John
Lennon

1940 - 1980
The Vanished
World of a Woolton Childhood with John Lennon
by DAVID ASHTON
Page 2
My father, Ted Ashton, had a great passion for
nature, the countryside and the village of his childhood and forbears
going back generations.
His love fostered my own awareness of nature and
beauty which was not difficult growing up as I did in Woolton surrounded
by fields, parks, beautiful buildings and the stately homes of the Merchant
Princes of Liverpool who had made their wealth from slave trading -
a fact for which Liverpool has apologised - as well as from cotton,
tobacco, sugar and other trade.
This was not the Woolton most folk in the world
imagine when they think of John Lennon but it was so.
As a child I did a vast amount of walking with
my father - oh! how we walked! Winter and summer we tramped by Shank's
Pony, as he called it, the busless, motorless roads, the footpaths,
the blackberry hedges in the Black Woods, met men and womenfolk on our
walks and stopped and talked. This was my university.
We met heroes from the Battle of Mafeking in the
Boer War, Old Comrades - ordinary heroes - from the First War, mates
of my dad's from the Second War.....in fact at the end of this I will
include the anonymously-written Ballad of Woolton Green which seems
to epitomise life in the Woolton of its day.
It was on such a walk (I think we were going to
Childwall Priory but we might have finished up anywhere because that
was what my dad's walks were like!) that I first saw , not met but saw,
John Lennon.
I must have been 7 or 8 years old according to
Rod Davis. My dad and I went on the path down the centre of the double-tree
lined Blackwood Avenue and across Woolton Road in the field of corn
and walked around the edge of the field. "Listen", my dad
said. "That's a corncrake".
I listened to the strange sound of what is now
one of Britain's rarest birds, found only in the Outer Hebrides. "It
has got a nest" my dad said "They usually only call at dusk
just before night but it's a male and it's in full breeding plume".
What a strange, penetrating and persistent calling
sound it was - a sort of rasping disyllabic 'crex rerrp ... crex rerrp'.
As we penetrated deep into the cornfield we could hear the joyous sound
of kids playing on Jackson's Pond near Childwall Abbey Church. There
were kids fishing for Jack Sharps with bent pins and worms, swinging
across the islands on the pond on a rope.
Then like a dream a raft with a gang of lads came
sailing by. One was a tall, lanky, dark-haired, squint-eyed lad. I found
out later that John sometimes wore glasses - 'gig lamps' as we called
them in our Woolton dialect.
Woolton did not speak the well-known Liverpool
Scouse dialect which I love to hear but cannot speak properly as, like
all Wooltonians, we spoke an even older language - the Anglo-Saxon dialect
of Woolton which could also be heard in South Lancashire and Cheshire.
I was to meet 'the lad on the raft' later and learned that he was John
Lennon.
A few days later I had gone to play in a lane
between Vale Road and Menlove Avenue with my mate, Pete Brayford.

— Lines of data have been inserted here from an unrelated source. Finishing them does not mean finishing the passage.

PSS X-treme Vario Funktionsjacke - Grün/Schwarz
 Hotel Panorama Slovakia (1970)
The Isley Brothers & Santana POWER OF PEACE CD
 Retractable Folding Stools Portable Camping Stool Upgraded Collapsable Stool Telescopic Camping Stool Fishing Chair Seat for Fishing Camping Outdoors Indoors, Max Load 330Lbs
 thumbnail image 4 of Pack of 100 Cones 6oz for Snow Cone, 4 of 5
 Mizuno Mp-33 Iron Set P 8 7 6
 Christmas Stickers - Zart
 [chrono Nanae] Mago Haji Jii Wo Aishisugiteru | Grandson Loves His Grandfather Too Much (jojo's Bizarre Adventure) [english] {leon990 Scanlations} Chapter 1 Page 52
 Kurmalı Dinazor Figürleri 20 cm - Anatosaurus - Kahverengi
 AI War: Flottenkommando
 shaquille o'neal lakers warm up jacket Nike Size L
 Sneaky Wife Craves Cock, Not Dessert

Peter
said that there was a spring in the lane that had been hidden in the
field next door after it was filled in with bomb debris to stop the
reflection diverting the German bombers and bombing the lake when along
came Peter Shotton, Ivan Vaughan and this guy who had been on the raft
on Jackson's Pond.
He had come to live in Woolton with his aunt.
They told us that the spring, which was beside an ivy-clad oak tree,
was a Holy well and that if you told it your wishes and turned round
twice it would all come true.
My next meeting was on a day when we were all
playing football on the cow field in Reservoir Road on the top of Woolton
Hill which was used to feed up pregnant cows before they began their
new lactation.
To us lads of top end of Much Woolton it was our
football field. There was a Little Woolton which had become Gateacre.
The boundary stone betwen the two is still on the Church Road end of
Reservoir Road or at least it was the last time I had a walk around
memory lane in Reynolds Park.
Anyway, this day Alan Walpole and I were playing
football in the cow field with my new child-size leather football with
a blown up pig's bladder inside, french chalked to preserve it, which
my dad had bought from Jack Sharp's Sports Shop in Liverpool for, I
think, five shillings and sixpence.
I had got the football for my birthday in November.
We had a various assortment of football kits on - most of them probably
pre-First World War stuff as in the Woolton of our childhood no-one
had much money.
We were not poor, or did not think we were anyway,
but we certainly never dreamt of having a Liverpool or Everton football
kit. We wore hand-me-down kits, if we had any, from fathers, uncles,
brothers or cousins.
There were a lot of us playing including John
Lennon and we used our coats and jumpers as goal posts. Over the pitched
red sandstone wall climbed Robert Bancroft who, in his posh Southern
English cultivated Liverpool College Public School accent, ' arsked'
if "if one could have a game of rugger". "Join in!"
he was told.
He had a posh kit the like of which I had never
seen before. From memory the top was yellow with navy blue hoops and
he had football shorts that fitted him.